I-La garantie de la sécurité juridique par les règles d'abrogation des actes administratifs unilatéraux créateurs de droits
Un acte administratif unilatéral créateur de droit est celui qui accorde aux administrés une situation sur laquelle il n'est pas possible en principe à l'Administration de revenir. Toutefois, il apparaît parfois nécessaire de supprimer certains actes afin de garantir le respect de la hiérarchie des normes tout en tenant compte du principe de la sécurité juridique. A cette fin, la mise en place de la condition du délai d'abrogation apparaît utile (A). Certaines situations juridiques ne nécessitent cependant pas de l'établissement d'un tel délai car elles ne peuvent pas être considérées comme portant une atteinte aux droits acquis. Pour cette raison, il est possible, dans ces situations, de procéder à une abrogation d'un acte administratif unilatéral sans délai (B).

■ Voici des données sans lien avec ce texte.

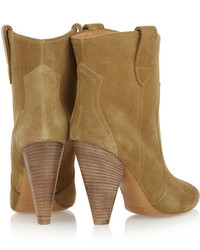 Bottines en daim marron clair Etoile Isabel Marant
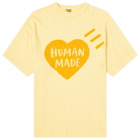Human Made Men's Garment Dyed Big Heart T-Shirt in Orange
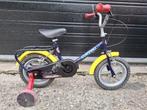 Corvino 12 inch kinderfiets met zijwieltjes, Ophalen, Minder dan 16 inch, Corvino, Zijwieltjes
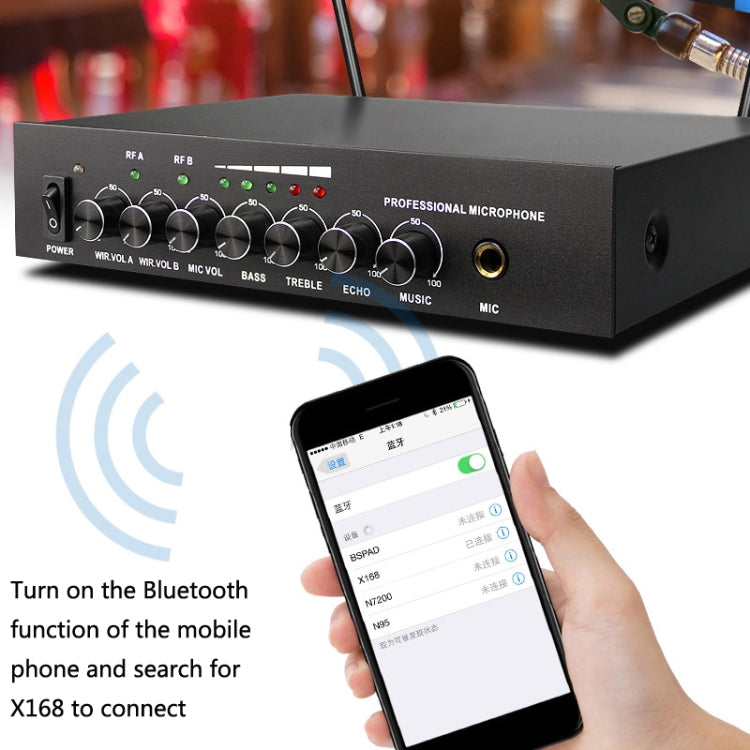 S-16-1 Household Smart TV U Segment Bluetooth Wireless Microphone With Tuning Reverberation 1 In 2, US Plug - Microphone by PMC Jewellery | Online Shopping South Africa | PMC Jewellery | Buy Now Pay Later Mobicred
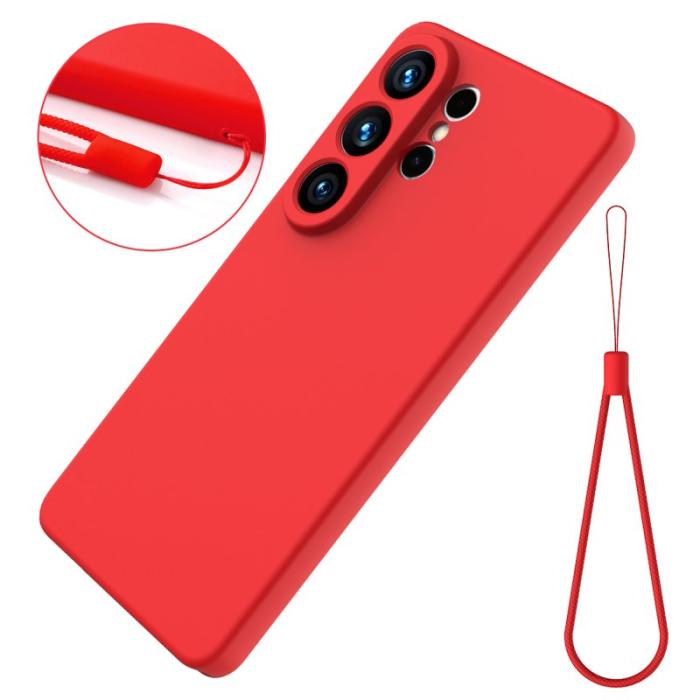 OEM - Samsung Galaxy S26 Ultra Mobilskal Flytande Silikon - Röd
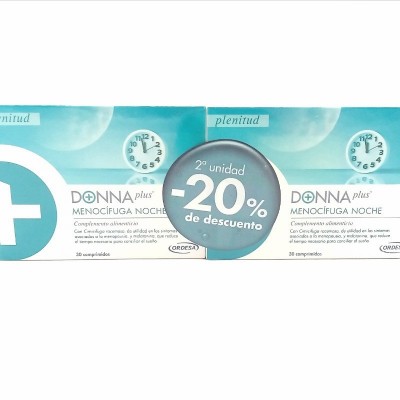 DONNA PLUS MENOCIFUGA NOCHE 2ºU -20% 30 COMPRIM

A) La conciliation de la légalité administrative avec la sécurité juridique par la mise en place de la condition du délai d'abrogation
La possibilité d'abroger un acte administratif unilatéral illégal est limitée dans le temps ainsi qu'en témoigne l'arrêt Coulibaly (CE Sect., 6 mars 2009, M. Coulibaly, n° 306084). Cette jurisprudence aligne le délai d'abrogation sur celui posé par l'arrêt Ternon pour le retrait (CE Ass., 26 octobre 2001, Ternon, n° 197018), qui est de 4 mois suivant la prise de la décision. Ce délai est repris par l'article L.242-1 du Code des relations entre le public et l'administration. Il donne la possibilité à l'Administration de supprimer de l'ordre juridique un acte administratif unilatéral créateur de droits non conforme à la hiérarchie des normes. La mise en place d'un tel délai permet aussi aux administrés d'apporter une sécurité juridique par rapport à leur situation. Ceci dans la mesure où, une fois les 4 mois passés à compter de l'édiction de la décision, l'acte ne peut plus être remis en cause. Ainsi, l'encadrement de l'abrogation des actes administratifs unilatéraux illégaux par un délai, constitue une solution efficace afin de concilier les exigences de la légalité administrative et du principe de la sécurité juridique. Par exception, lorsque l'abrogation ne constitue pas une atteinte aux droits acquis, il est possible de supprimer pour l'avenir un acte administratif unilatéral sans délai.
B)L'absence d'atteinte aux droits acquis dans le cadre de l'abrogation sans délai
En vertu de l'article L.242-2.4 du Code des relations entre le public et l'Administration, l'administration peut procéder à l'abrogation d'une décision légale créatrice de droit sans condition de délai si elle ne porte pas atteinte aux droits des tiers et uniquement si c'est le bénéficiaire de cette décision qui en fait la demande. Une telle décision abrogée doit être remplacée par une décision plus favorable au bénéficiaire. Sur ce point, la règle est similaire pour le retrait. Une telle solution peut être considérée comme ne portant pas atteinte au principe de la sécurité juridique dans la mesure où c'est le bénéficiaire qui doit être à l'origine de la demande d'abrogation. En outre, une telle abrogation ne peut pas intervenir si elle constitue une atteinte aux droits des tiers. De la sorte, l'abrogation sans délai étant fortement encadrée, elle ne remet pas en cause les droits acquis. L'acte abrogé ne peut qu'être remplacé par une décision qui constitue un avantage pour son bénéficiaire.